Note: This blog post features a brief from page 42 of our 2018 Facts & Figures publication, contextualizing North Carolina education data with a short description of an historical feature or a critical issue in North Carolina. Read more at www.NCEdFacts.org.
In North Carolina and nationwide, public education is financed through federal, state, and local expenditures. Nearly two-thirds of total K-12 public education funding in North Carolina comes from the state through position, dollar and category allotments (such as allotments for teachers, principals, teacher assistants, textbooks, classroom materials, and transportation).
Districts received additional funding from the state based on student learning needs (such as for children with disabilities, English language learners, and economically disadvantaged students). The state also provides supplemental funding to low-wealth counties (68 across the state) and small counties (27).
Combining state funding allotments, a first grade student with no special learning needs would receive $5,861 in state funding; an economically disadvantaged first grade student with limited English proficiency and special learning needs in a small, low-wealth county would receive $17,279 in state education funding.

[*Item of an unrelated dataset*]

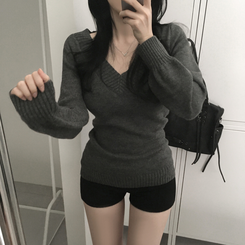 スリムディープVネックニット GREY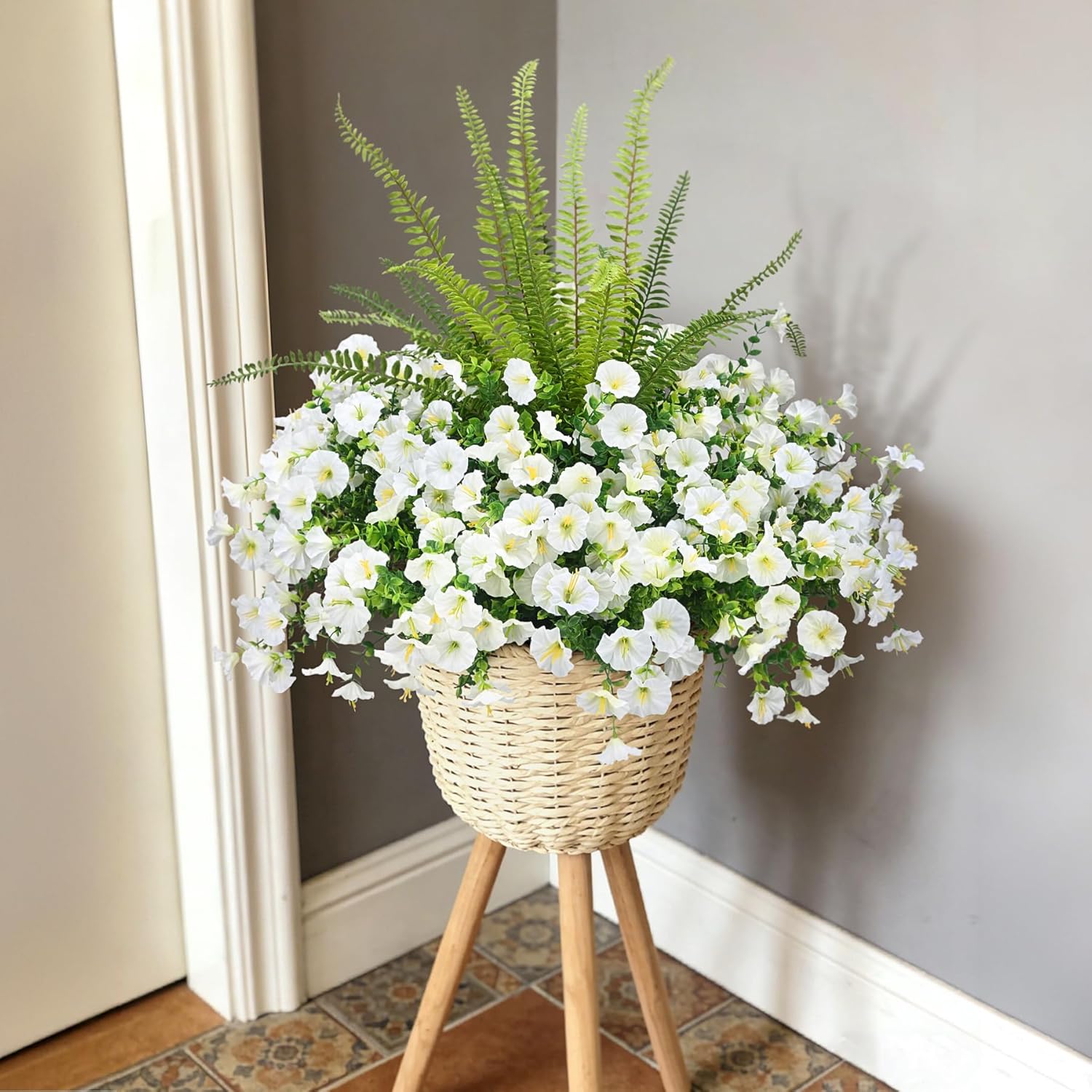 Thumbnail 3 de Hrobek Faux Morning Glory & Tall Fern Artificial Flowers for Outdoor or Indoor Decor (13 Bunches, White)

Roughly 11% of K-12 public education funding in North Carolina comes from the Federal government. Federal funds mainly support child nutrition, students with disabilities, and students from low-income households.
K-12 Education Finance
In addition to state and federal funds, local North Carolina counties provide additional funding to supplement state support for K-12 school operations; and provide funds to build, furnish, and maintain K-12 school buildings. Local dollars fund nearly 28,000 positions in K-12 public schools, including 7,315 service workers, 6,313 teachers, 1,937 teacher assistants, and 756 assistant principals across the state. Local funds for school operations range from $849 per pupil in Robeson County to $6,151 in Chapel-Hill/Carrboro City Schools.